Problem to work on
Without including any pictures, copy every line below exactly.

Information shown: Begin

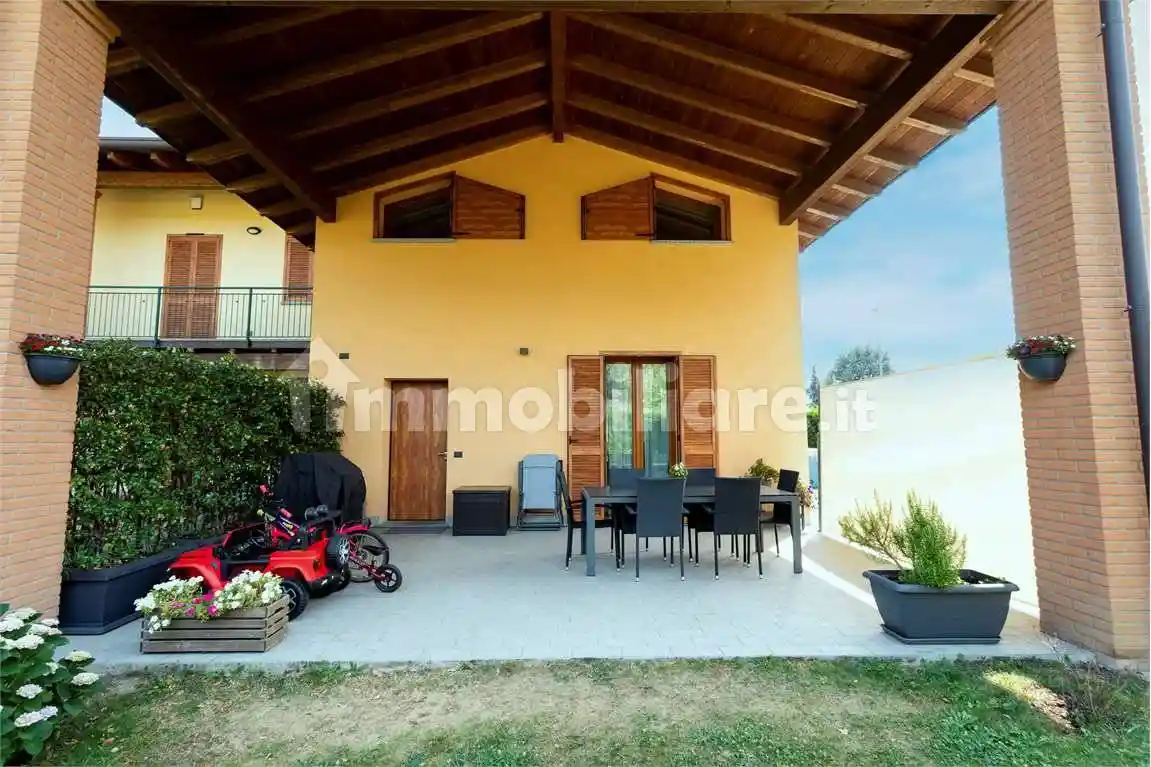 Villa in vendita a Alserio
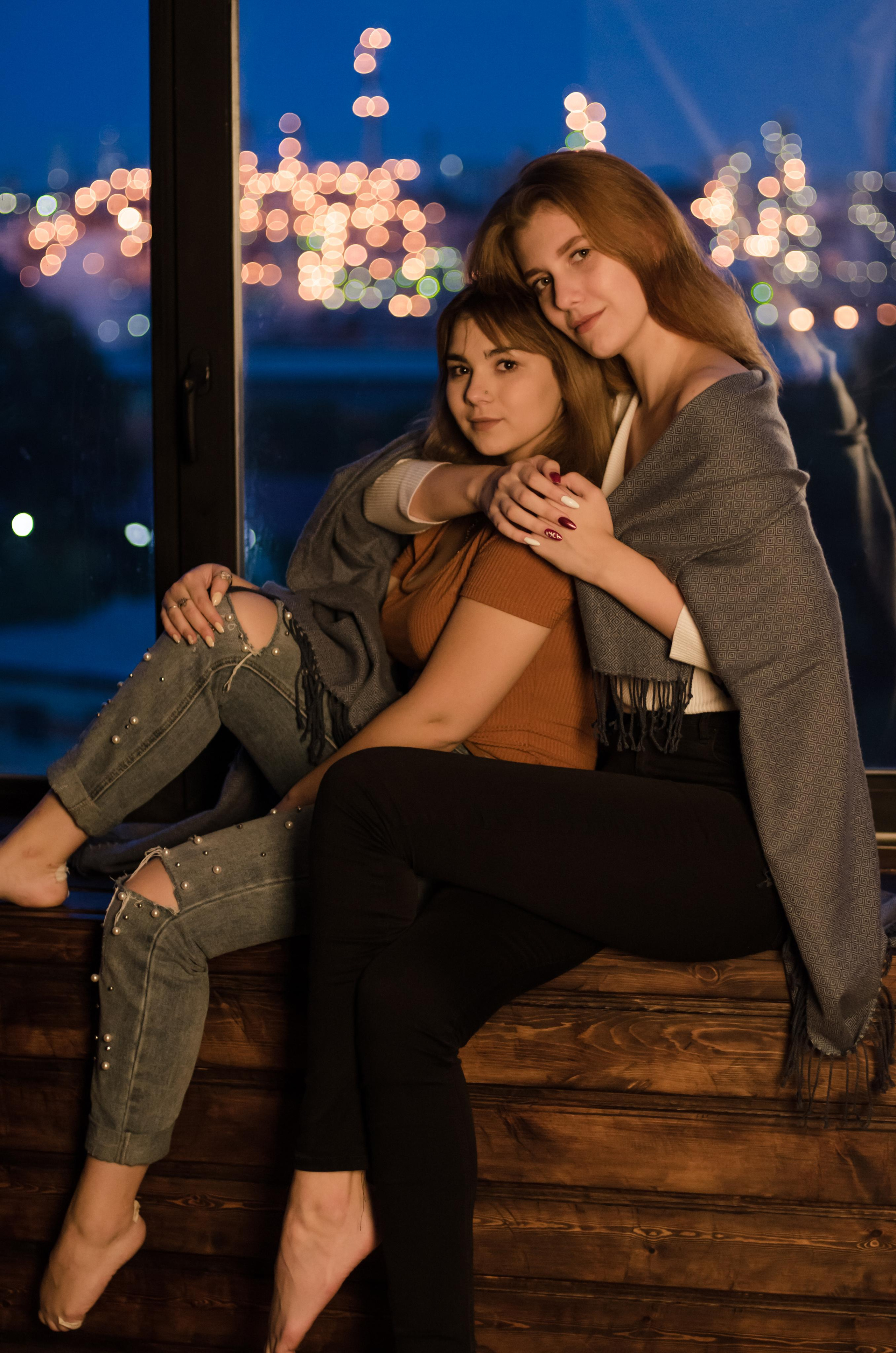 Студийная фотосессия для Ани и Алисы. Свадебный и семейный фотограф в Хабаровске Оксана Новикова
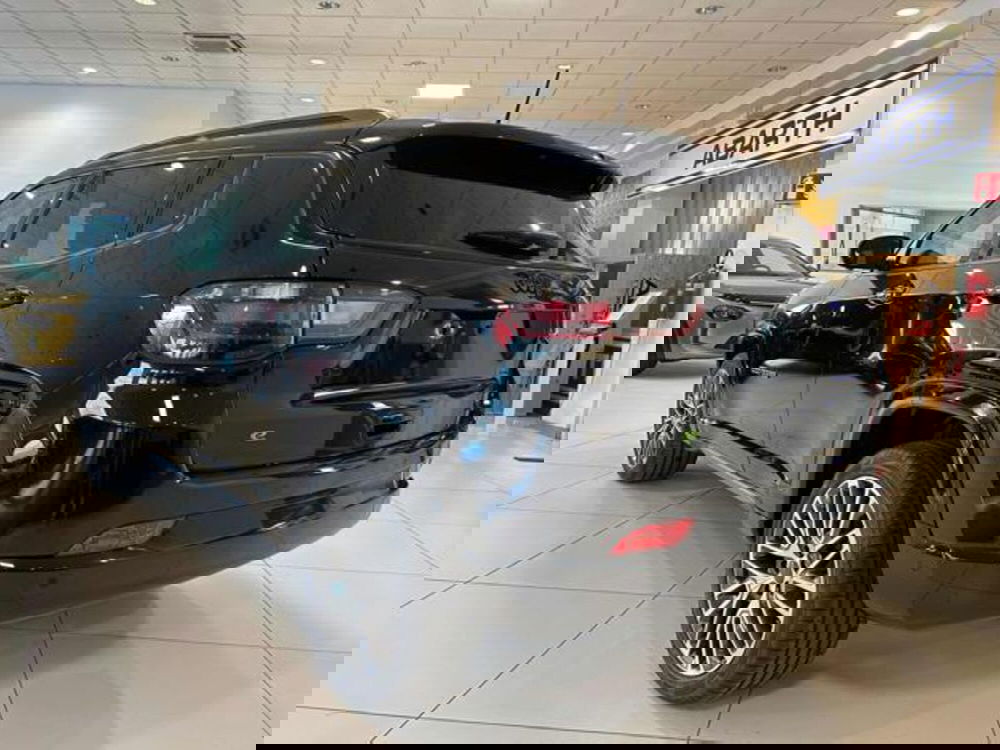 Jeep Compass nuova a Vercelli (6)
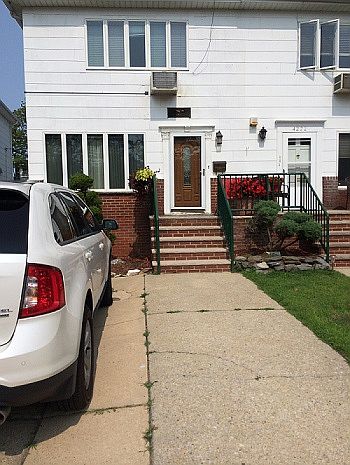 1st image of 4220 Manhattan Ave #0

Information shown: End

Finished exercise
 Villa in vendita a Alserio
 Студийная фотосессия для Ани и Алисы. Свадебный и семейный фотограф в Хабаровске Оксана Новикова
 Jeep Compass nuova a Vercelli (6)
 1st image of 4220 Manhattan Ave #0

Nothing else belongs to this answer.